▶ Activity
In the entries that follow, the lines from the one with "SEKHMET GODDESS BL" through the one with "Fototapeta premium Sparkling" are the ones to write out, exactly and with both ends included. Nothing else should appear.

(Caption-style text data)
########################################

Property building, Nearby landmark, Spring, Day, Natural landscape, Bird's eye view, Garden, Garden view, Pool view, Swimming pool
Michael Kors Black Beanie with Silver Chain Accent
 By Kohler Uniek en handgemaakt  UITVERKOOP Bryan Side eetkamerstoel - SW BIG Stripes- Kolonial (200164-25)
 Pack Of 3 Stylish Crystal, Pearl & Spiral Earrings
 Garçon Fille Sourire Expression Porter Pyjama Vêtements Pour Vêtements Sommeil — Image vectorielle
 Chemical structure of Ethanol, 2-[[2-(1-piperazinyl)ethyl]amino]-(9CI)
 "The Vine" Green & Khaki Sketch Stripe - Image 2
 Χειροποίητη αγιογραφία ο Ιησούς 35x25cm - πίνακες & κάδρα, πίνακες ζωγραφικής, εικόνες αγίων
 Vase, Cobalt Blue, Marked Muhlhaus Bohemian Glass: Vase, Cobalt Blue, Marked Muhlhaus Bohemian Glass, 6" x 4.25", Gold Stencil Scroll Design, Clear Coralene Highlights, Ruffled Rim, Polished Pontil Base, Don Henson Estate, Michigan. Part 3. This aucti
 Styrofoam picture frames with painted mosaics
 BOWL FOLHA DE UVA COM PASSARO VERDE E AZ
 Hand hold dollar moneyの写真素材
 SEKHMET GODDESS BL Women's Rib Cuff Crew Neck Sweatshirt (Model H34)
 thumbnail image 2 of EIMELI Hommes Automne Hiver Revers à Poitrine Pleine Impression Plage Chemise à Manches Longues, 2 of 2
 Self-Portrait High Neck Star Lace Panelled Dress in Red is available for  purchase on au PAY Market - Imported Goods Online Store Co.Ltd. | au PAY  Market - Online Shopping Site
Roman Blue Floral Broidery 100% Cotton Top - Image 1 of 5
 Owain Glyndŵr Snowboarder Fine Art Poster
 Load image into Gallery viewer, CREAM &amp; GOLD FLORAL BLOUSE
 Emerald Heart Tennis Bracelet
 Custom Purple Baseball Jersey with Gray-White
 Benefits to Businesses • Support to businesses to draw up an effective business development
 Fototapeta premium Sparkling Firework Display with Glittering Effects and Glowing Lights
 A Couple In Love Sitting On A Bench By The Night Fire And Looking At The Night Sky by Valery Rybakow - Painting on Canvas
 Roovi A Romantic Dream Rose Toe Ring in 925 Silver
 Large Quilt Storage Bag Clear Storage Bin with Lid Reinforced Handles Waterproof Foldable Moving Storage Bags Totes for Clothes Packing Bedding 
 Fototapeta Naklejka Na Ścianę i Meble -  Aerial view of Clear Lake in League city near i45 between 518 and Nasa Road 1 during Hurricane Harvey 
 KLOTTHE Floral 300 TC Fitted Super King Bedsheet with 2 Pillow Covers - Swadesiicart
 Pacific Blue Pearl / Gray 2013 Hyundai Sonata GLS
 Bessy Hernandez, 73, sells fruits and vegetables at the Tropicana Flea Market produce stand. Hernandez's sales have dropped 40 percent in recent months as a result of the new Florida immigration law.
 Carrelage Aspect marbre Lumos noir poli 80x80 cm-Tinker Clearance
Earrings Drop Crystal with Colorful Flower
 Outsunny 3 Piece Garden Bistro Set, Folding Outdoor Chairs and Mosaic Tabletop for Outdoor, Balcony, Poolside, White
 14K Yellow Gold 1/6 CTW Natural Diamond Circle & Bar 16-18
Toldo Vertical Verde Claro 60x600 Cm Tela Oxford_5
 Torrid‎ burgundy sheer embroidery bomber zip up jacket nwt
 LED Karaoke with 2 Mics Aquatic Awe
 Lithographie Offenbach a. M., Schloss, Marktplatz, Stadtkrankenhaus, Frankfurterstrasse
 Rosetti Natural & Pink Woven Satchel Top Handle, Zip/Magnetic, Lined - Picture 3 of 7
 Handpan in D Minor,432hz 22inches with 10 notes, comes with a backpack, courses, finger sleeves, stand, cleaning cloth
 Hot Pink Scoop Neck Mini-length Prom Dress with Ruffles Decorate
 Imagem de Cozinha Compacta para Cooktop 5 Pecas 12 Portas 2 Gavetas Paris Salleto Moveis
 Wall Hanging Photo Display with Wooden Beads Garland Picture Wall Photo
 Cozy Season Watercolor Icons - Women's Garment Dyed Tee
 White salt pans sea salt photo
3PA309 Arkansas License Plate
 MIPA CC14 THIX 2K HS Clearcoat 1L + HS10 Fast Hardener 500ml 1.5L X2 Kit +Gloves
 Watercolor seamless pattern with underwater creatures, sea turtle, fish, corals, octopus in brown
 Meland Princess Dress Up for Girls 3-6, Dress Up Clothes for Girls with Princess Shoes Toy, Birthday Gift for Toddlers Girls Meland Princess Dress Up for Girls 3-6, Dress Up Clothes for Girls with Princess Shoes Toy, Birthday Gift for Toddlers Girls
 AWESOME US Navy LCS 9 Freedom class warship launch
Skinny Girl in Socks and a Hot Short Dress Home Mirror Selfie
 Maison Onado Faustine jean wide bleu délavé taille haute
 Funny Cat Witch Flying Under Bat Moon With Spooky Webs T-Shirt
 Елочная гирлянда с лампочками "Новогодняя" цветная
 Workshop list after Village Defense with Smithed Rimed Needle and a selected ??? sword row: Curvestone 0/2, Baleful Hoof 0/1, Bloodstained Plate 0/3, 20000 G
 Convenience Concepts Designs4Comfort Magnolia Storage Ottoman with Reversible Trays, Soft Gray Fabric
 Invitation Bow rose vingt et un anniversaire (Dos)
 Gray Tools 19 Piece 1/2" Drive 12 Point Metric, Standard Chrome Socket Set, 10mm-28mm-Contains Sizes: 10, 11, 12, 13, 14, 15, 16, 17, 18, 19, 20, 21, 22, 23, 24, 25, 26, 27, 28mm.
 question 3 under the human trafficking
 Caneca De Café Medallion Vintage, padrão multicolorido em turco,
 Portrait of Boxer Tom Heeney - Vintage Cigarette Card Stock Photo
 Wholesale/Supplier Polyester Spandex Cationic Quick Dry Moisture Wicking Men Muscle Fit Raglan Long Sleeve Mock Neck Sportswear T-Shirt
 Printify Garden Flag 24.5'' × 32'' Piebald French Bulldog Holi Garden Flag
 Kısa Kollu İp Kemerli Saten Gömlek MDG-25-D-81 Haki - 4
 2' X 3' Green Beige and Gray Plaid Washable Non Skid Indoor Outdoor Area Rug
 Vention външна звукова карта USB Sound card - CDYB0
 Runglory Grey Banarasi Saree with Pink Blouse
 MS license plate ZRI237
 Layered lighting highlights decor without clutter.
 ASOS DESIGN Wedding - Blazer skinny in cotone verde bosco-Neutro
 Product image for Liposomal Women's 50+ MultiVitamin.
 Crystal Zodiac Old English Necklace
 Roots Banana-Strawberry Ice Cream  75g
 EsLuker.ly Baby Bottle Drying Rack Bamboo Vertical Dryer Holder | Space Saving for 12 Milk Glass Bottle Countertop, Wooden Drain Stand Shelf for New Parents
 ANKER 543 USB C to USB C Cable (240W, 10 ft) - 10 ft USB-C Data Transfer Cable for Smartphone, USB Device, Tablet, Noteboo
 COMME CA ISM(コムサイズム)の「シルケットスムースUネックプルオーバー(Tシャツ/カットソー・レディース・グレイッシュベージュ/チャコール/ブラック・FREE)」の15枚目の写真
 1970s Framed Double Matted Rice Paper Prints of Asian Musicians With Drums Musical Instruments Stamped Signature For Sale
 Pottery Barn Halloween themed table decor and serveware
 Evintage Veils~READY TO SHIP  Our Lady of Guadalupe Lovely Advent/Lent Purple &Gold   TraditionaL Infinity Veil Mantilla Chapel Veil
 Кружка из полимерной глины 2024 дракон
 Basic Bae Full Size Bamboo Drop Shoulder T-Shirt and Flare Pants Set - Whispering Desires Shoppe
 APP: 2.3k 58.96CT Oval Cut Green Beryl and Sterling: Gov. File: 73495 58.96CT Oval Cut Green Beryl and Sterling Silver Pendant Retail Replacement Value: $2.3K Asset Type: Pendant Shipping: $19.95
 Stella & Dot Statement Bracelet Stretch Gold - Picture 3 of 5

########################################

▶ Exercise response
 SEKHMET GODDESS BL Women's Rib Cuff Crew Neck Sweatshirt (Model H34)
 thumbnail image 2 of EIMELI Hommes Automne Hiver Revers à Poitrine Pleine Impression Plage Chemise à Manches Longues, 2 of 2
 Self-Portrait High Neck Star Lace Panelled Dress in Red is available for  purchase on au PAY Market - Imported Goods Online Store Co.Ltd. | au PAY  Market - Online Shopping Site
Roman Blue Floral Broidery 100% Cotton Top - Image 1 of 5
 Owain Glyndŵr Snowboarder Fine Art Poster
 Load image into Gallery viewer, CREAM &amp; GOLD FLORAL BLOUSE
 Emerald Heart Tennis Bracelet
 Custom Purple Baseball Jersey with Gray-White
 Benefits to Businesses • Support to businesses to draw up an effective business development
 Fototapeta premium Sparkling Firework Display with Glittering Effects and Glowing Lights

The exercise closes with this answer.